Co-surfactants: Co-surfactants are amphiphilic, accumulate at the interfacial layer, and increase the fluidity of interfacial film by penetrating the surfactant layer. Single-chain surfactants are unable to decrease the interfacial tension of o/w to form a microemulsion. Chain alcohols are used, utilizing co-surfactants to increase the fluidity of the interface.

Classification of microemulsion

Depending on their composition, microemulsions can be broken down into three distinct classifications: oil-in-water (o/w), water-in-oil (w/o) and bi-continuous. Each of these types offer unique properties for a range of applications across many industries.

To make sure that the ingredients in microemulsions remain stable, use a balanced combination of surfactants and/or other stabilizing agents.
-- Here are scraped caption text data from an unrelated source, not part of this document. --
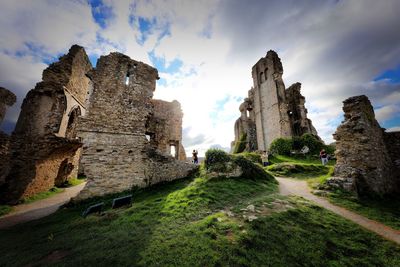 People at old ruin building against sky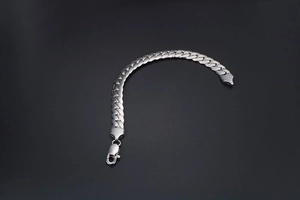 Polished silver stainless steel Cuban link bracelet for men with a secure lobster clasp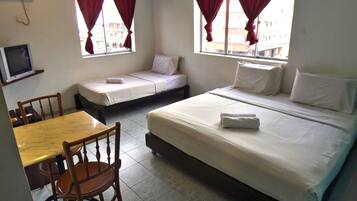 Deluxe Triple Room | Desk, iron/ironing board, rollaway beds, free WiFi
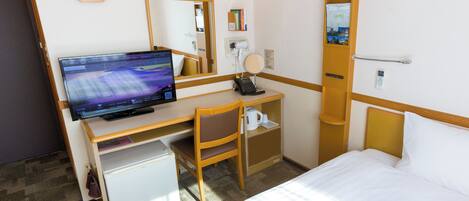 Una habitación de hotel con cama, escritorio con computadora, silla, refrigerador pequeño, reloj y espejo.
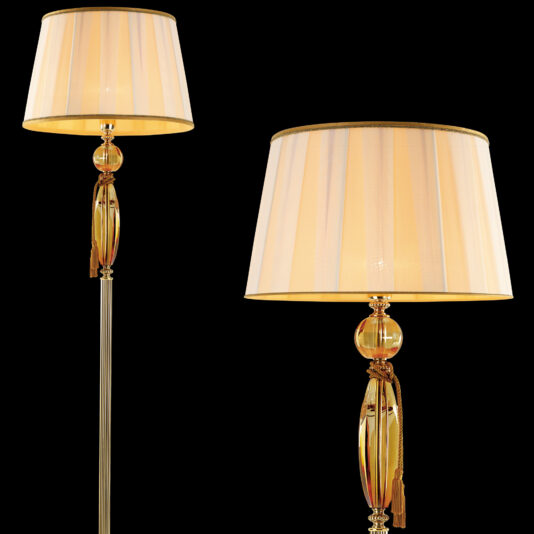 Luxury Amber Glass Floor Lamp The Luxury Amber Glass Floor Lamp features an elegant design with gold bases and beige lampshades. It boasts ornate amber glass orbs adorned with golden details and tassels, adding a touch of luxury. The lamp emits a soft yellow light, creating a warm ambiance against a plain black background.
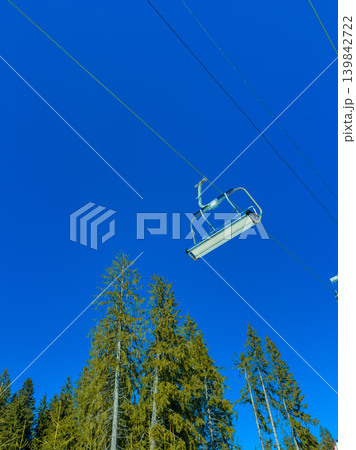 Ski lift moves up the mountain under clear blue sky in winter landscape surrounded by tall trees Ski lift moves up the mountain under clear blue sky in winter landscape surrounded by tall trees 139842722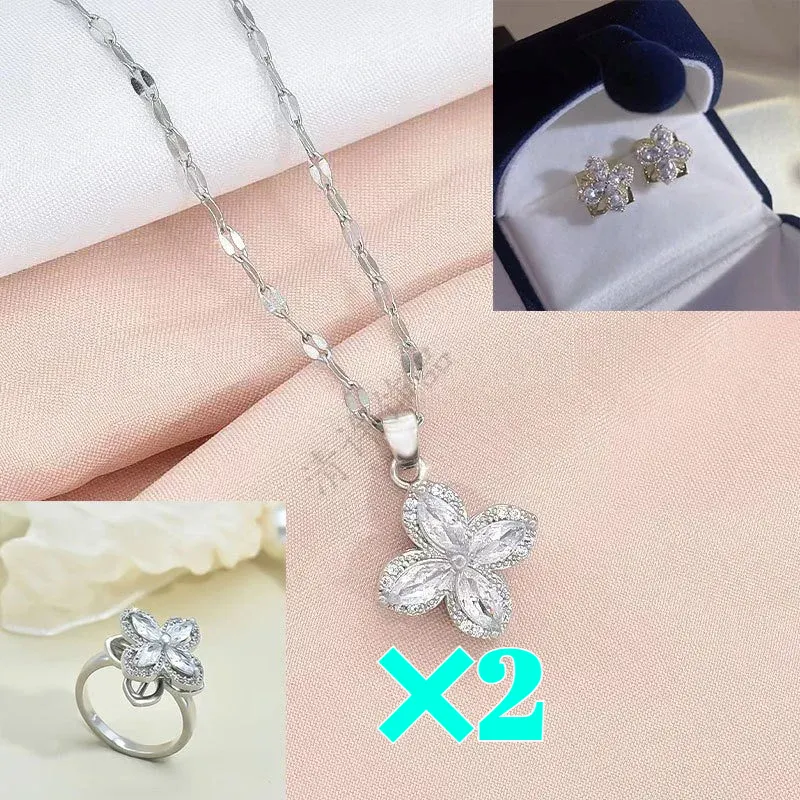 Drehbares Set aus Halskette, Ring und Ohrringen mit vierblättrigem Glückskleeblatt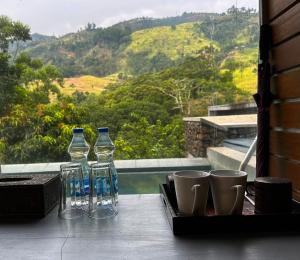 three glass bottles and cups on a table with a view at Romance Valley Haputale in Haputale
If you're looking for ways to create your own microemulsion, there are several methods available depending on what components you need to include:

Self-Emulsifying Drug Delivery Systems (SEDDS)

To resolve the issue of low bioavailability with poorly soluble and porous drug molecules, this scheme has been devised. Hydrophobic drug molecules can be liquefied within this system. Upon administering these constituents in the GI tract, they'll interact with intestinal fluid to form a micro/nanoemulsion- hence why it is called Self Emulsifying Drug Delivery System (SEDDS). This emulsion will then enable an increase absorption rate for drugs into systemic circulation. As a result, drug solubility is heightened, and absorption occurs through lymphatic pathways that sidestep the initial hepatic metabolism. Research has indicated various in vivo aspects of the lipid preparations are connected to increased bioavailability90–93.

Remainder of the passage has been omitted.